Pero el derrumbe de mi vida sentimental nada tiene que ver con el del cauce elevado de la Línea 12 del metro de la Ciudad de México. La noticia, por motivos de embriagues y desconsuelo, me llegó hasta el martes en el recorrido matutino de los diarios. Mi primera reacción fue la incredulidad, era imposible, impensable; aunque pensándolo bien, era altamente probable que ocurriera dado el historial infame de la obra. Al ver los videos, leer las notas y conocer los primeros testimonios de los testigos, los involucrados y sus familiares, un frio recalcitrante recorrió mi esqueleto ya columbrado por los kilos perdidos en el último mes.
Cómo todas las tragedias que han sacudido a este país, tiene mil rostros. Los de aquellos que la sufren en carne propia –los que caen, se golpean, son aplastados, mutilados, sangran, mueren– y los de aquellos que la sufren en carne ajena –los que llegan antes que nadie, ayudan, socorren, llaman a la ambulancia, sacan a los que aún están vivos, responde las llamadas de los móviles de aquellos ya no pueden escuchar–. Ahí estoy yo, absorto a la línea de acontecimientos que me muestra la red social; internamente mutilado y sangrante, olvidando mi tragedia personal e ínfima ante lo que mis ojos observan gracias a la tele-información digital.
“Los olivos” fue nombrada la estación más cercana a la conflagración, pero no hay aceitunas que degustar, sólo dolor y muerte. “Dar olivo” dicen los españoles para despedir, echar expulsar, tal como yo fui exiliado de la aceitunada piel de una mujer que ya se empeña en olvidarme.
Cinco de los siete vagones que conforman cada convoy ya habían pasado por el punto de quiebre dando el tiro de gracia a las través que retorcidas habían dejado de realizar la tarea para la que fueron fraguadas.

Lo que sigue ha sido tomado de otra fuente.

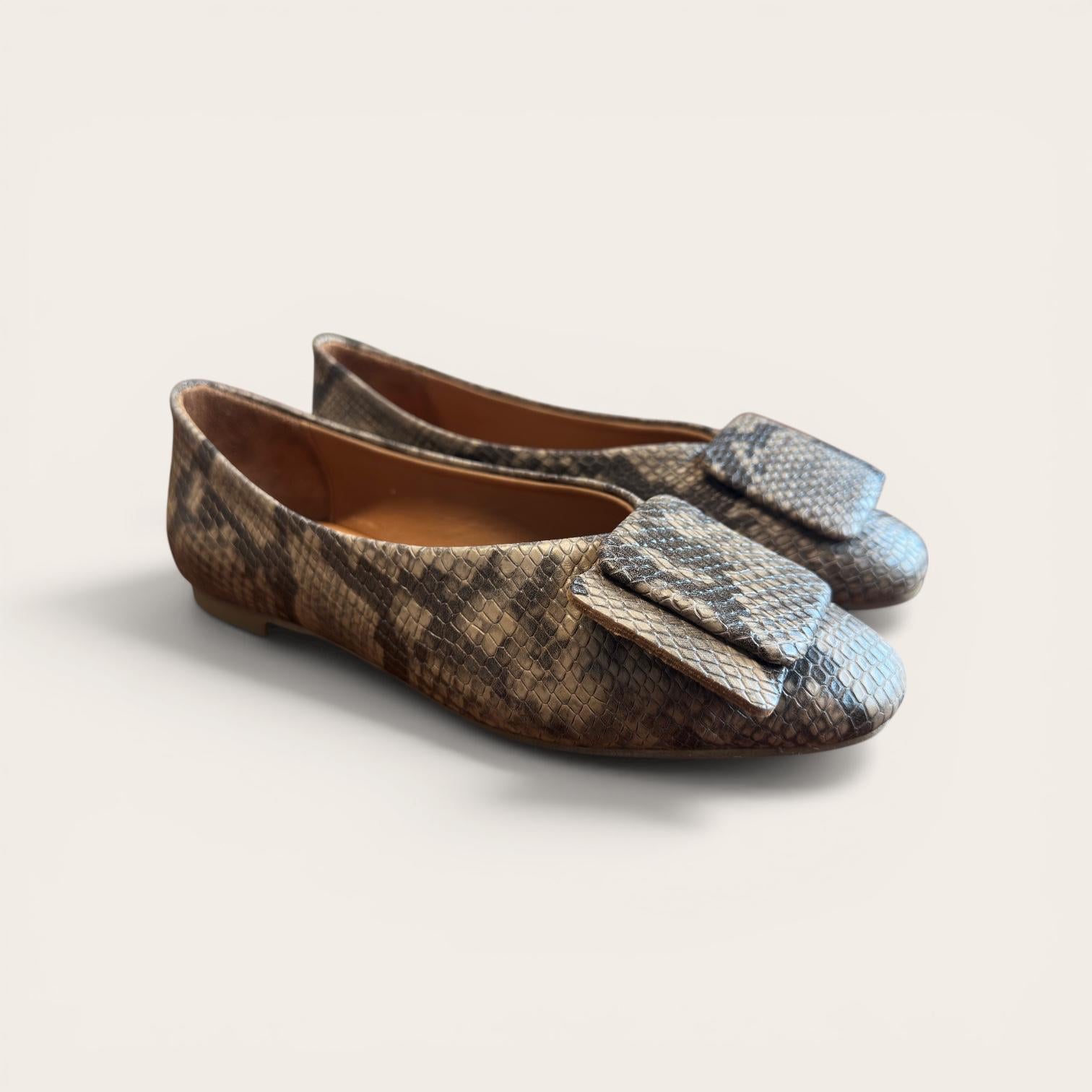 Begoria Snake - Genuine Leather Snake-Print Ballet Flats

Dos de ellos fueron al suelo con todo y su entraña de vida. En un instante, el pandemónium. Fierros retorcidos, carne sajada, vidas interrumpidas por una cadena de negligencia y corrupción que puede alcanzar a los dos (aparentes) delfines del presidente; Marcelo y Claudia, en ese orden. Claro que hay culpables, con nombre y apellido, funcionarios y contratistas que tomaron una decisión que beneficiaba sus bolsillos, pero también hay responsables que omitieron e hicieron de la vista gorda para amasar un capital político; y ahí no hay que dejar de ver a Mancera y Calderón.

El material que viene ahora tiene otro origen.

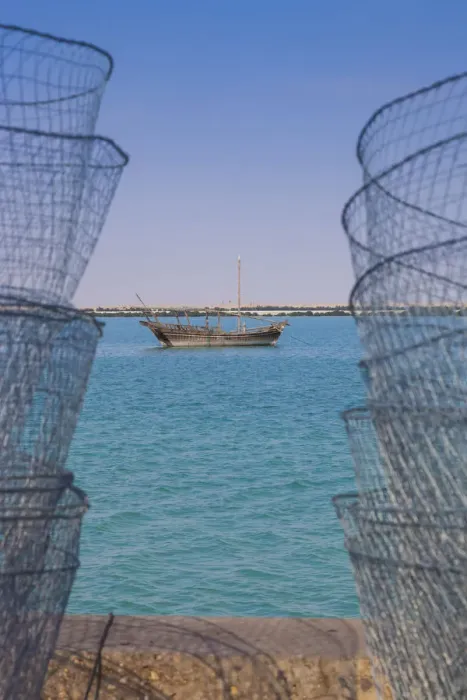 Framed Print : Qatar, Al-Khor, fishing port with wired fishing baskets Framed Print : Qatar, Al-Khor, fishing port with wired fishing baskets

En fin que los escombros, en esta casa y en Tláhuac, tardarán en levantarse y el dolor, mucho más en disiparse.
Paso cebra
En las últimas horas me entero del delicado estado de salud de un queridísimo amigo, César Espino de la Fuente. Xalapeño de nacimiento, hidalguense por adopción. Hombre de medios que formó parte del primer ejército de profesionales que levantaron y dieron forma al Sistema de Radio y Televisión de Hidalgo hace treinta y nueve años. Hombre de ideas y acción. Técnico, productor, guionista, locutor aficionado al rocanrol y defensor de la pulcritud de tradiciones y emblemas, en los últimos veinte años ha encabezado importantes cruzadas culturales que se han visto cristalizadas en eventos, festivales, lecturas, reconocimientos a pachuqueños destacados como Sergio Corona y, sobre todo, en el Centro Cultural Enrique Ruelas Espinosa en la comunidad de San juan Tilcuautla, a las afueras de Pachuca. Tú no te derrumbes César, que nos sostienes a muchos.